- _Study material_:
##########
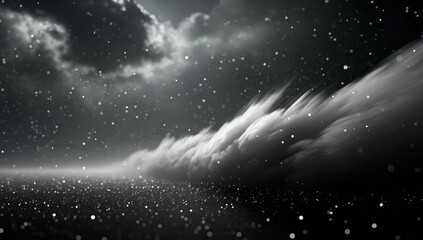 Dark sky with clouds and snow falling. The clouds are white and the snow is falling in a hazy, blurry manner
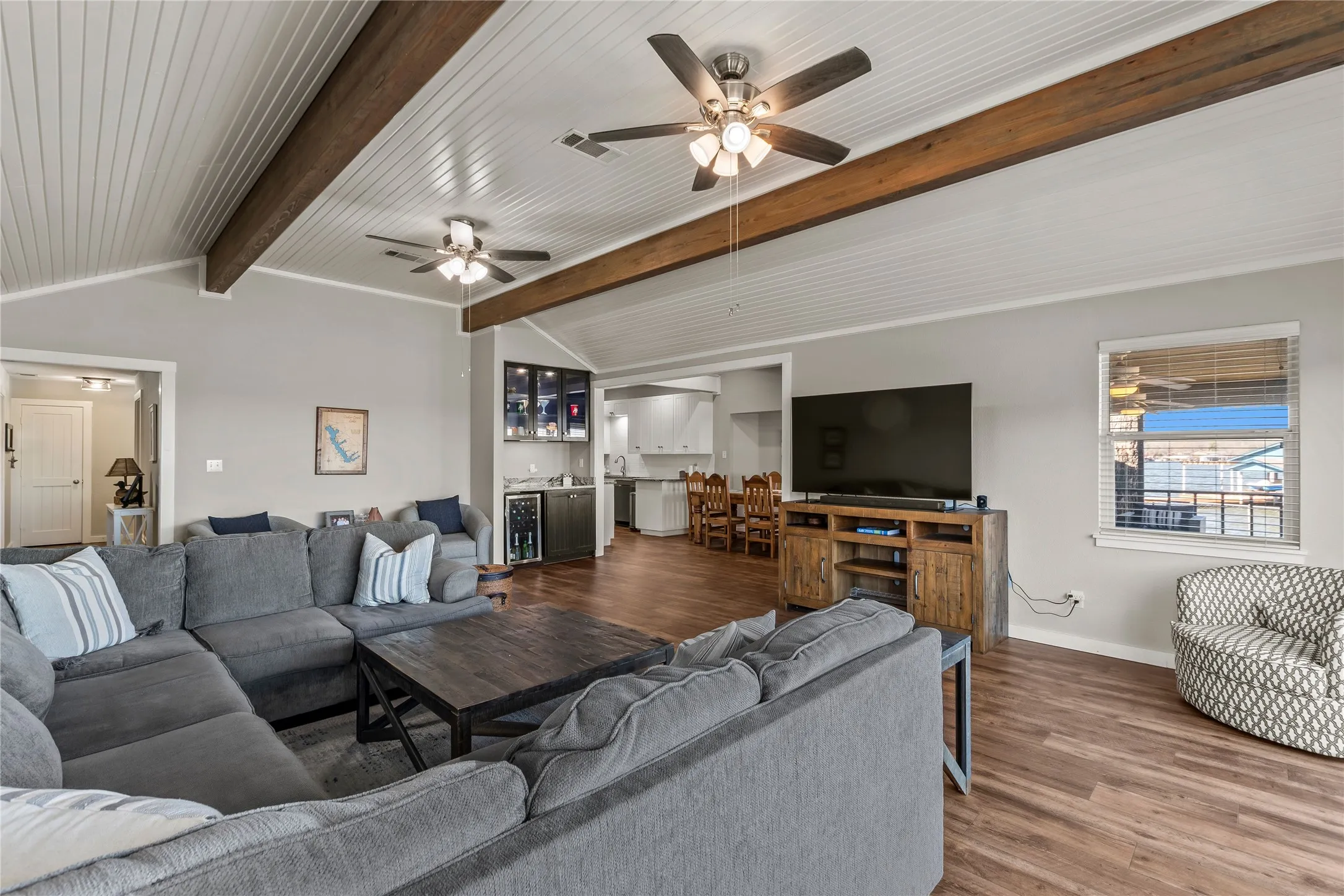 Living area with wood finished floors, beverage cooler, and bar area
##########
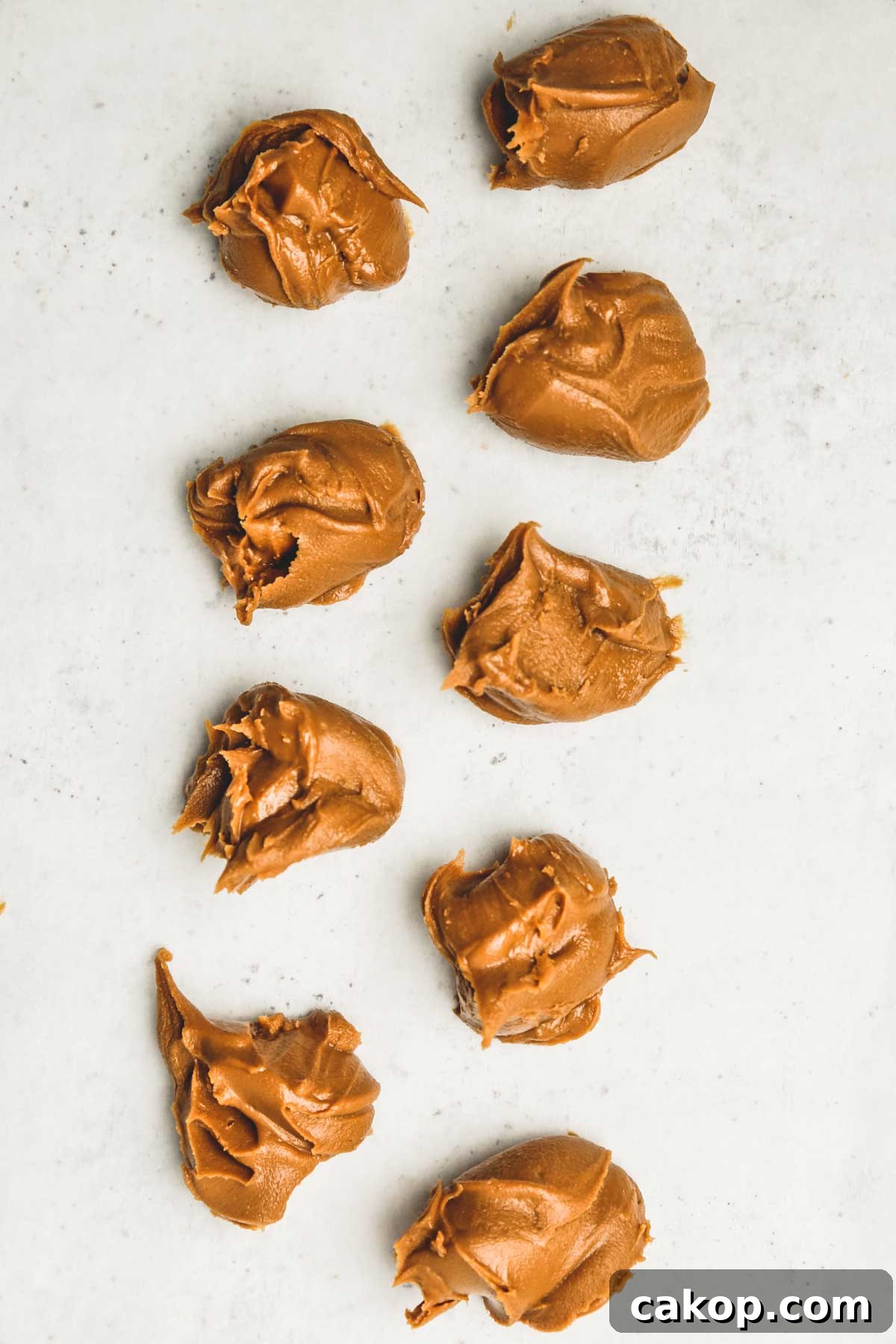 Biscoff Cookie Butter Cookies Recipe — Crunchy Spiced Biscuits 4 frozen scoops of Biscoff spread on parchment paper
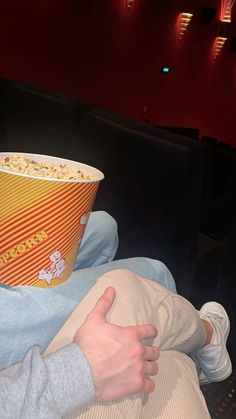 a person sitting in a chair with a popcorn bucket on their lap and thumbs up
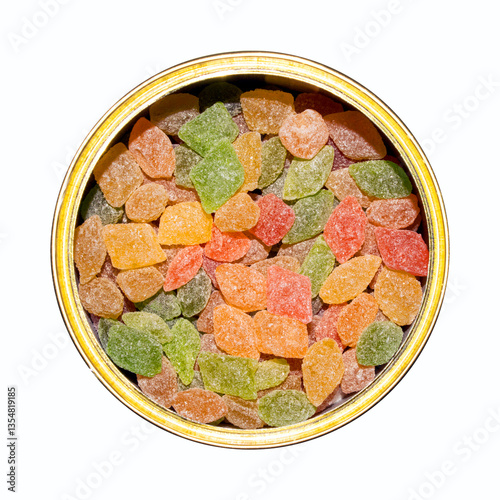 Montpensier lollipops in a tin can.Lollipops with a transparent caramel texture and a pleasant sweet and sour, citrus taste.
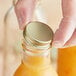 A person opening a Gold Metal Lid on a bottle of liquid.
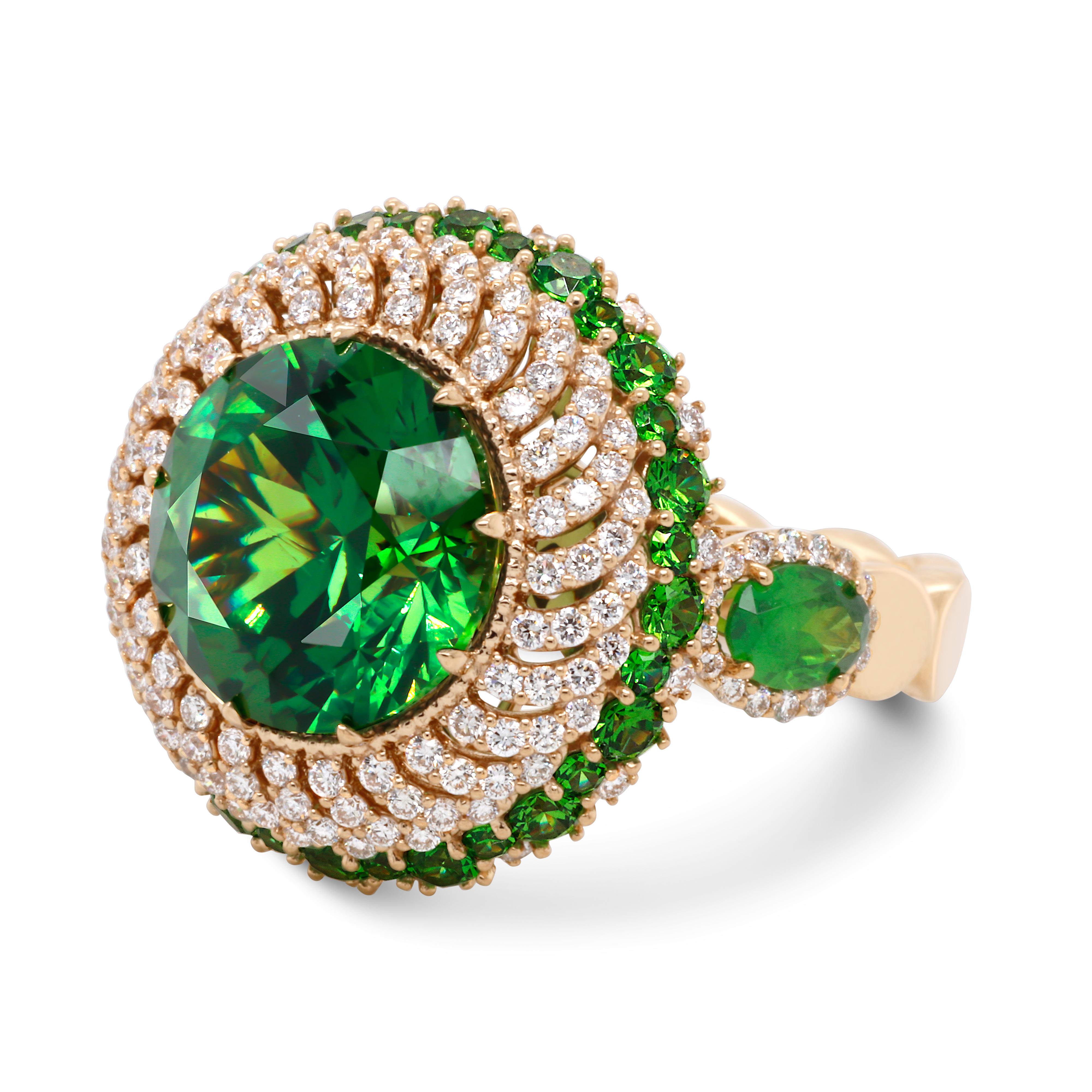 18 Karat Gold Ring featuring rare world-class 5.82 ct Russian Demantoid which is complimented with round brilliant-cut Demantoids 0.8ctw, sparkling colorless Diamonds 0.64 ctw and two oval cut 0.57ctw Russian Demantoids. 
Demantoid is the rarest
##########
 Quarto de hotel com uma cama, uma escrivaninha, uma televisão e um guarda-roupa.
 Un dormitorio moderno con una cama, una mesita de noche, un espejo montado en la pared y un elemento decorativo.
##########
- _Work required_: Beginning at the line above that contains "Dark sky with", repeat each line exactly through the one that contains "Living area with", and leave out the pictures.

- _Solution for this problem_:
 Dark sky with clouds and snow falling. The clouds are white and the snow is falling in a hazy, blurry manner
 Living area with wood finished floors, beverage cooler, and bar area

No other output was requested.